WHAT TO DO:
Transcribe only the lines of the listing below from the one holding "Premier Inn Livingston M8, Jct3" through the one holding "y casos especiales", inclusive, without any change.

*** Opening of EXERCISE DATA ***

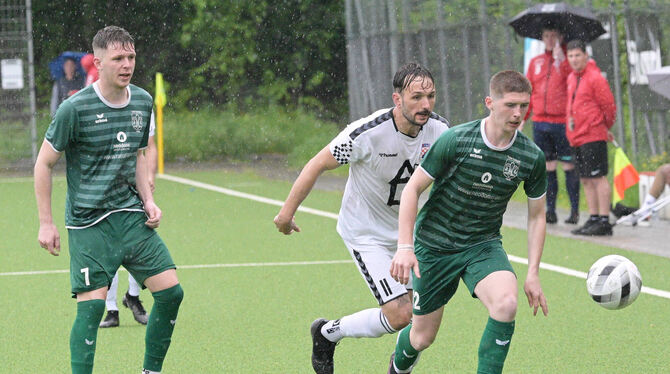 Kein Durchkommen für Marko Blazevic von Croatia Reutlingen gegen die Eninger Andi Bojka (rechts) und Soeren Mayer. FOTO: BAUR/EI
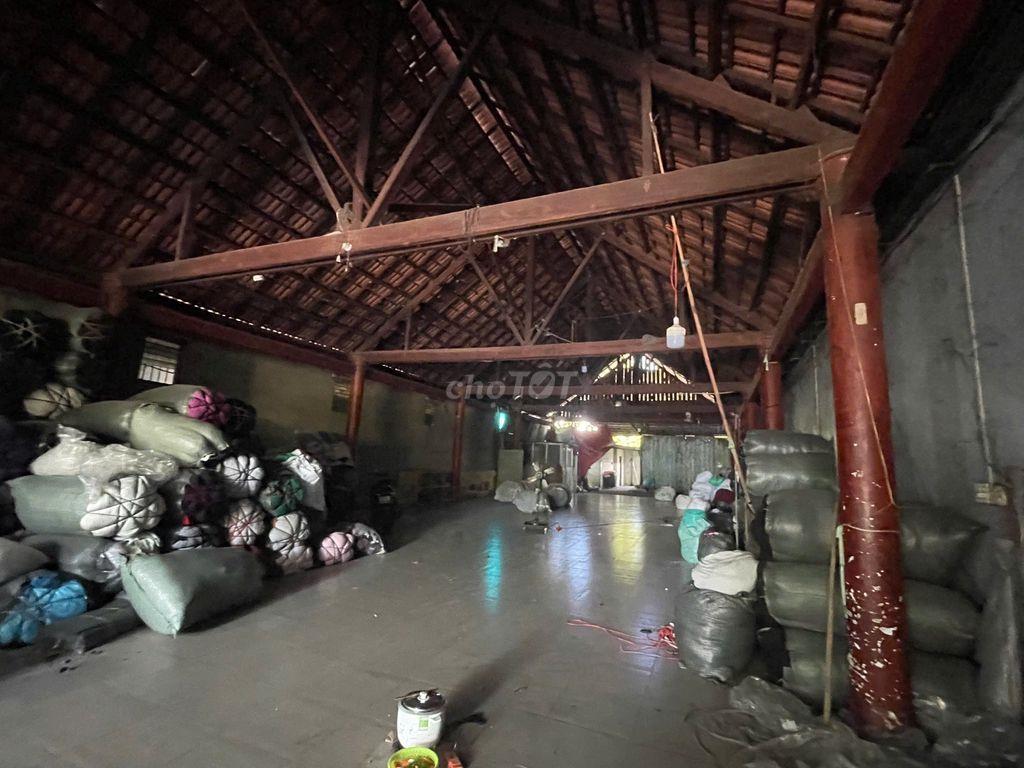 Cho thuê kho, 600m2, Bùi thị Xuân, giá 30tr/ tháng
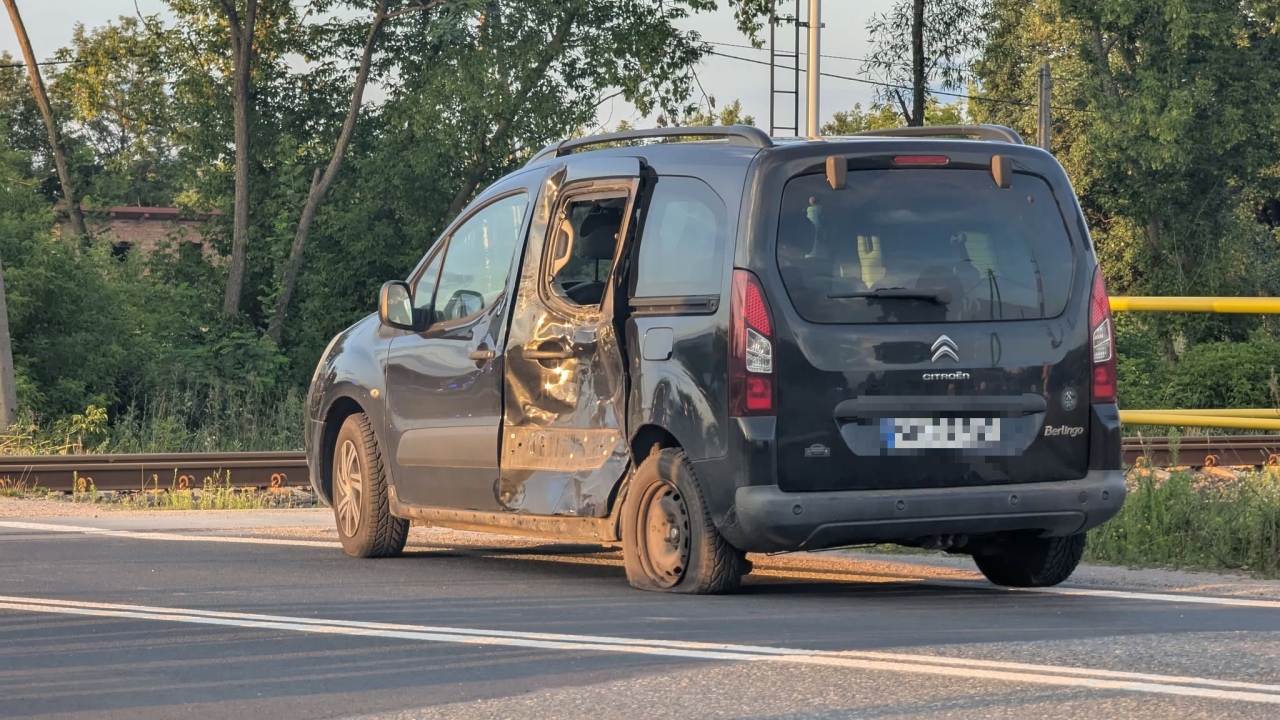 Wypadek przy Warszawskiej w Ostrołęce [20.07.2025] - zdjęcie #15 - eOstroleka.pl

*** Close of EXERCISE DATA ***
*** Opening of EXERCISE DATA ***

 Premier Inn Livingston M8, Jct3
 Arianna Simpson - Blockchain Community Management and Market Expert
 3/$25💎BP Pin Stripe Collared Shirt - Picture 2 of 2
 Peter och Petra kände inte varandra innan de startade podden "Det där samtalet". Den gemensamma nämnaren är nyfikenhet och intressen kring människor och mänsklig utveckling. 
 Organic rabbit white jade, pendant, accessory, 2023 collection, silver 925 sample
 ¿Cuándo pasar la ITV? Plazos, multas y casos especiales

*** Close of EXERCISE DATA ***
*** Opening of EXERCISE DATA ***

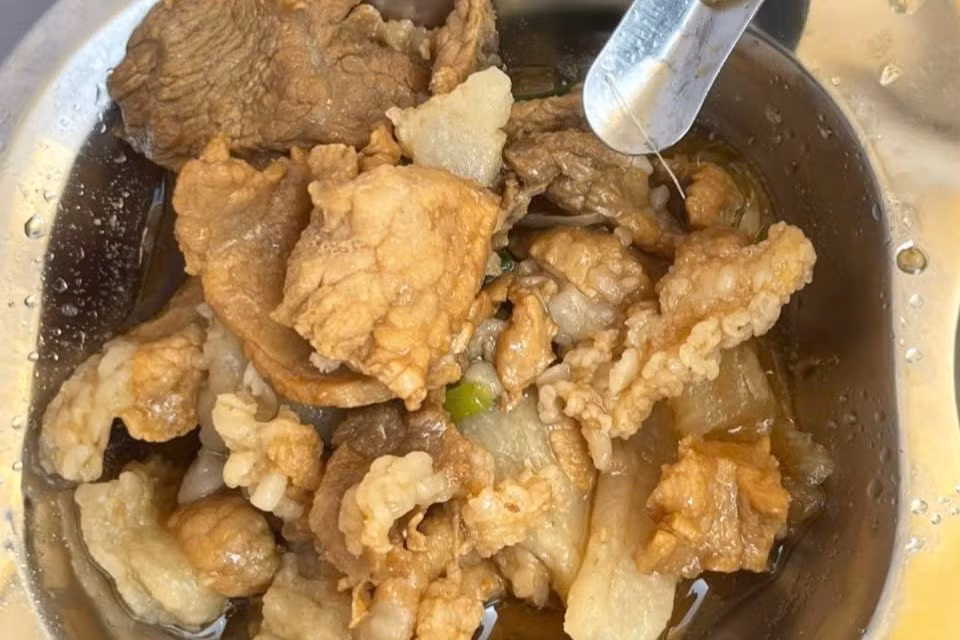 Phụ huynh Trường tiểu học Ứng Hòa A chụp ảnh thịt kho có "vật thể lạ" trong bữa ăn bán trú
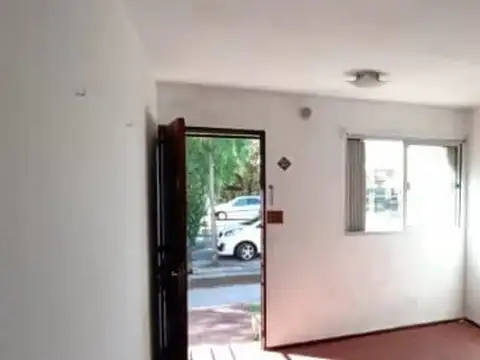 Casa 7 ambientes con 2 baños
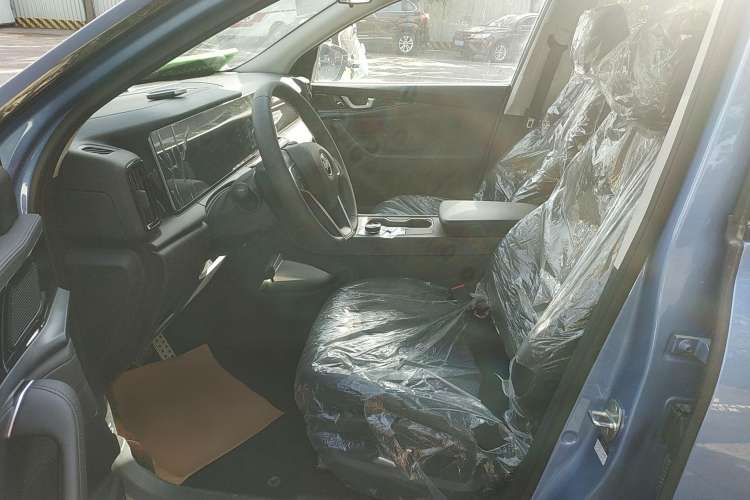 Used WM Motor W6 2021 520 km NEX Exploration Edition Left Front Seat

*** Close of EXERCISE DATA ***

RESPONSE TO THE TASK:
 Premier Inn Livingston M8, Jct3
 Arianna Simpson - Blockchain Community Management and Market Expert
 3/$25💎BP Pin Stripe Collared Shirt - Picture 2 of 2
 Peter och Petra kände inte varandra innan de startade podden "Det där samtalet". Den gemensamma nämnaren är nyfikenhet och intressen kring människor och mänsklig utveckling. 
 Organic rabbit white jade, pendant, accessory, 2023 collection, silver 925 sample
 ¿Cuándo pasar la ITV? Plazos, multas y casos especiales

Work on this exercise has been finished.